Currency

America's "Superman Currency" is weakening — how that affects your wallet

Friday, August 21, 2020 by Robinhood Snacks | Disclosures

Depreciation is his kryptonite

Nutella might get pricier... The value of the US dollar is sliding (aka depreciating) relative to other currencies like the Euro. Say a jar of Nutella costs €1. A year ago, €1 equaled $1.10. Today, €1 = $1.19. You're spending 9 cents more to nab the same jar of Italian decadence. The value of the dollar has fallen to its lowest level in over two years, and it might keep sliding.

  • "Superman Currency": The USD's stable rep makes it a hot global commodity. It has long been used as the world's reserve currency for international purchases.
  • Superman in Action: If Canada wants to buy oil from Mexico, it's likely doing it in USD. Exchanging Canadian dollars for Mexican pesos could mean losing money. Picture gnarly airport exchange fees post-Cabo trip.

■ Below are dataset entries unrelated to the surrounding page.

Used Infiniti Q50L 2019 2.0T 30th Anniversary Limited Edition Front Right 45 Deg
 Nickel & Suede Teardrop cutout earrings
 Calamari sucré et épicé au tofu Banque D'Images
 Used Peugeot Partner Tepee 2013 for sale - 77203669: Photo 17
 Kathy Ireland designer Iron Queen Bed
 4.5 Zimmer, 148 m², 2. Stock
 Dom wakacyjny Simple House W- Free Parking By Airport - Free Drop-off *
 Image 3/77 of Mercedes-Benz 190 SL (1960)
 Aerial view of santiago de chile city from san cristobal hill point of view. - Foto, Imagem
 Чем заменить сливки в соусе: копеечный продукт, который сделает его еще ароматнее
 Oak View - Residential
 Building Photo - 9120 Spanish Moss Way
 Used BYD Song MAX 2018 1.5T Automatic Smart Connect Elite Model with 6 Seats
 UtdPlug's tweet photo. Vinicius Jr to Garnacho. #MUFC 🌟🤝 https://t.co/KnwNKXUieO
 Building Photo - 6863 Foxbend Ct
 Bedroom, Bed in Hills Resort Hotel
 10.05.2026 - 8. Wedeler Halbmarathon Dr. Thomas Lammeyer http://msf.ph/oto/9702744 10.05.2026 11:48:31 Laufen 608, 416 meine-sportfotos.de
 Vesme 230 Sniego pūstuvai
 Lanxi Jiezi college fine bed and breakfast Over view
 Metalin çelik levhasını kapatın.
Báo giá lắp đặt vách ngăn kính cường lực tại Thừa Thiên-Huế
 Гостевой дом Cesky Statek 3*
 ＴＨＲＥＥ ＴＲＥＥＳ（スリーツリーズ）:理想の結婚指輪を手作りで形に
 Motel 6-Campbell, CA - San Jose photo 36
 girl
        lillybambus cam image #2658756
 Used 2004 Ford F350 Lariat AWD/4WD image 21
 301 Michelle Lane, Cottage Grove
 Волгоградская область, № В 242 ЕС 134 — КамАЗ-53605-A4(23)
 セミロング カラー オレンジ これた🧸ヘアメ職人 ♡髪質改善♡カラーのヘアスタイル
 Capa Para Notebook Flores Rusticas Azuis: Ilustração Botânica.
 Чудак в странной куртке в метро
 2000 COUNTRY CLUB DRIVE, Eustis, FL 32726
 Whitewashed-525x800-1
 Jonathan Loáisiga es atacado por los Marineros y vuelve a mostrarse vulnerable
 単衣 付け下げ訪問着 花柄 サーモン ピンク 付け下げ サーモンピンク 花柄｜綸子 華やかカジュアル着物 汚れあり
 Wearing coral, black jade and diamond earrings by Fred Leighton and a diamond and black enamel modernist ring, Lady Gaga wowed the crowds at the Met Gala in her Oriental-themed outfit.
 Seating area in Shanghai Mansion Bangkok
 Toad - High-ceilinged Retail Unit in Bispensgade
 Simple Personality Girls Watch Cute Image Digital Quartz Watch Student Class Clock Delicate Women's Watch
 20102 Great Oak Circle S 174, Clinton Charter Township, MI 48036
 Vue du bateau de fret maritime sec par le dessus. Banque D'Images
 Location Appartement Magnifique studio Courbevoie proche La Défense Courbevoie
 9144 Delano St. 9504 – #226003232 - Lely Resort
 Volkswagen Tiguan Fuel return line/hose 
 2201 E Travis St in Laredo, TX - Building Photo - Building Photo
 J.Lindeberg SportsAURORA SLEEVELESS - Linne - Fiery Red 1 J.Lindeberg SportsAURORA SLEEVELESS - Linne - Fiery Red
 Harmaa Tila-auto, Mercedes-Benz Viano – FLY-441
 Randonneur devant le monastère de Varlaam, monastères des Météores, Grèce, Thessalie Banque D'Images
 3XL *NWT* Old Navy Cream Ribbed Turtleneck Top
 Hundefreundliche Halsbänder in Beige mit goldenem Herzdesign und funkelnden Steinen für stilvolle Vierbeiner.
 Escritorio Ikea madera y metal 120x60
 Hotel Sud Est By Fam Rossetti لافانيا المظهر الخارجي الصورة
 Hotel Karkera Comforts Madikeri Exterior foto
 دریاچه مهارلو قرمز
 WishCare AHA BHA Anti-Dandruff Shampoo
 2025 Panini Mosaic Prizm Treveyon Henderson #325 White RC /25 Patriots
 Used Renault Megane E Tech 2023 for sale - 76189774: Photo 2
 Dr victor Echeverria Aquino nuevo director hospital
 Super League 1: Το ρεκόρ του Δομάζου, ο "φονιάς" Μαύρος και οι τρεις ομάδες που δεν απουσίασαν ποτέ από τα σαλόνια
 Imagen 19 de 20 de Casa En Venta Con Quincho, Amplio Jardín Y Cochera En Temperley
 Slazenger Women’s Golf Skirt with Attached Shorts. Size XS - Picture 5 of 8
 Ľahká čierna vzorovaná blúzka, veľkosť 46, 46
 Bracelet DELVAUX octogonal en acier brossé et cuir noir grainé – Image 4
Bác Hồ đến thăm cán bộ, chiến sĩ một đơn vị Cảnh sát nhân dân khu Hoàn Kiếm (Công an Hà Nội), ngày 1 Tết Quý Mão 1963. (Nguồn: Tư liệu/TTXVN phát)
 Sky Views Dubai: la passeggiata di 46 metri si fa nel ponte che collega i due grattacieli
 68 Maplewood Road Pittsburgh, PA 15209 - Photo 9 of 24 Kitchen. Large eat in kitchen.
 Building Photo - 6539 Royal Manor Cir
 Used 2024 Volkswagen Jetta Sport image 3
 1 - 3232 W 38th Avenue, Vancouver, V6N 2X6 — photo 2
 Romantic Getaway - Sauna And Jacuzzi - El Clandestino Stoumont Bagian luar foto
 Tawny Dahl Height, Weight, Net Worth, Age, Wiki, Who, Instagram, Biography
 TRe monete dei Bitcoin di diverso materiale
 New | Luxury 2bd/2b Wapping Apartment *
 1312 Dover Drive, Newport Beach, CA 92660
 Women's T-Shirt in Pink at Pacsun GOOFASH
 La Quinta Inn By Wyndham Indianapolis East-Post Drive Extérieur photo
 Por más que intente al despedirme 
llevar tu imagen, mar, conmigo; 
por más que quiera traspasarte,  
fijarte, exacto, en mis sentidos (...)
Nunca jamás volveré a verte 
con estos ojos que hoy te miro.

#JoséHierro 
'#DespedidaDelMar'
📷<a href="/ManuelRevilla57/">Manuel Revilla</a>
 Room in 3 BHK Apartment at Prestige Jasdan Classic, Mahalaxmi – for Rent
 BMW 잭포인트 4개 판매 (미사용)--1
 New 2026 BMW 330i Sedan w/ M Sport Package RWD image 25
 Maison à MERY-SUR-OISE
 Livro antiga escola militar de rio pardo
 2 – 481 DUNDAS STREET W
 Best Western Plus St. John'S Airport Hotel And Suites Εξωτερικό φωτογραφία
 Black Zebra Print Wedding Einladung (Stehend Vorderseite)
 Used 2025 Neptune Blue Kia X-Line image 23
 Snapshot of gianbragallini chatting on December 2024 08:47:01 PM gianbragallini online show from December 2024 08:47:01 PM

Beware the kryptonite... Like that friend who immediately Venmos you, the US government has never missed a debt payment. That has allowed it to borrow trillions at near-zero interest rates (shoutout US Treasury bonds). But depreciation threatens the dollar's Superman status. Some reasons why it's happening:

  • Fed money printer: The Fed has been blasting out dollars to inject back into the economy. More dollars = less demand for dollars = less valuable dollars.
  • Instability: An out-of-control pandemic, shrinking GDP, and political instability have affected confidence in the dollar. Oh, and the national debt is at a massive $27T.
THE TAKEAWAY

Every dollar has two sides... If the US was a store, it would have a "discount" sign out front. Depreciation makes American goods cheaper for foreigners. That drives up demand for American products and stocks, which drives up stock market prices. If the dollar weakens long-term though, that could mean higher inflation, higher interest rates, higher taxes, and less global power for the US. China wouldn't mind snagging the dollar's Superman cape.